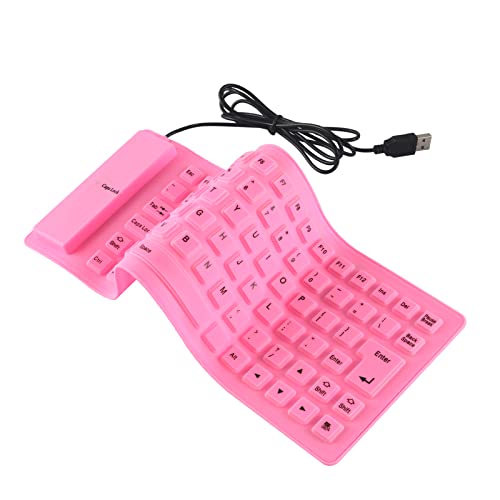 Foldable Silicone Keyboard - Wired, Pocket Size, Slim, Flexible Roll-up, USB, Waterproof, Dustproof, Travel Portable, 85 Keys, Soft Touch, for Laptop, PC, Desktop, Tablet, Notebook (Pink) - color: Pink
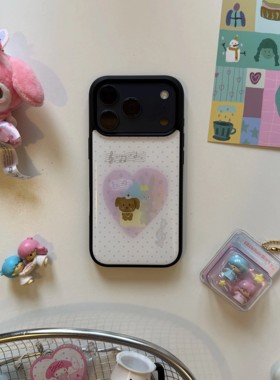 波点爱心狗手机壳适用苹果iPhone17promax高级感华为p80保护套小众16plus亮面15pro14防摔mate70简约13小米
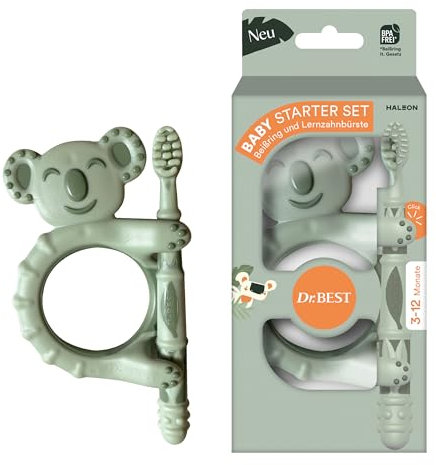 Zahnbürste Kinder - Dr.BEST Baby Starter Set: Beißring und Lernzahnbürste für Babys im Alter von 3 bis 12 Monaten, entwickelt mit Kinderzahnexperten, 1 Stück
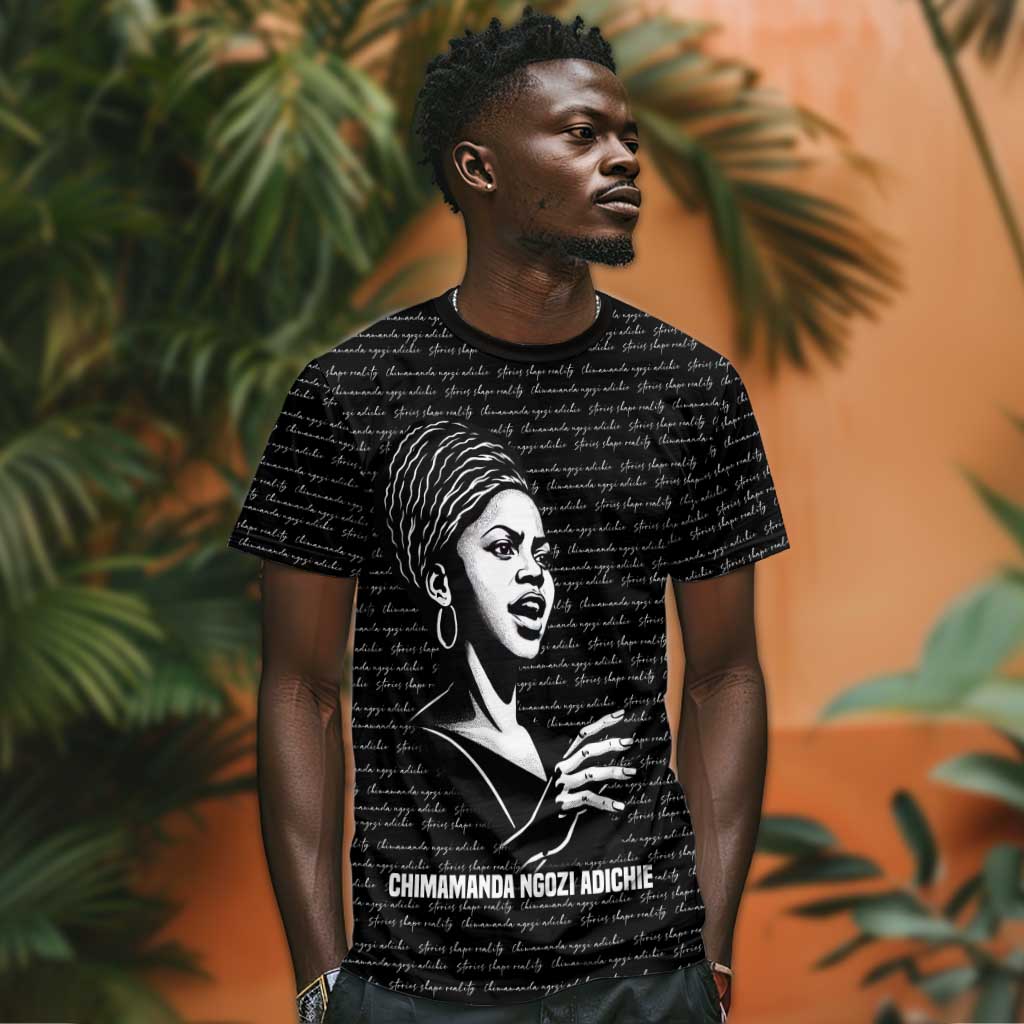 Chimamanda Ngozi Adichie T shirt with Expressive Speaking Portrait, Stories Shape Reality - African Pride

**INSTRUCTIONS TO FOLLOW**
Go from the first line of the data above to the line containing "Zahnbürste Kinder - Dr.BEST" and retype exactly those lines, both included, but none of the pictures.

**WORKED SOLUTION**
 Foldable Silicone Keyboard - Wired, Pocket Size, Slim, Flexible Roll-up, USB, Waterproof, Dustproof, Travel Portable, 85 Keys, Soft Touch, for Laptop, PC, Desktop, Tablet, Notebook (Pink) - color: Pink
 波点爱心狗手机壳适用苹果iPhone17promax高级感华为p80保护套小众16plus亮面15pro14防摔mate70简约13小米
 Zahnbürste Kinder - Dr.BEST Baby Starter Set: Beißring und Lernzahnbürste für Babys im Alter von 3 bis 12 Monaten, entwickelt mit Kinderzahnexperten, 1 Stück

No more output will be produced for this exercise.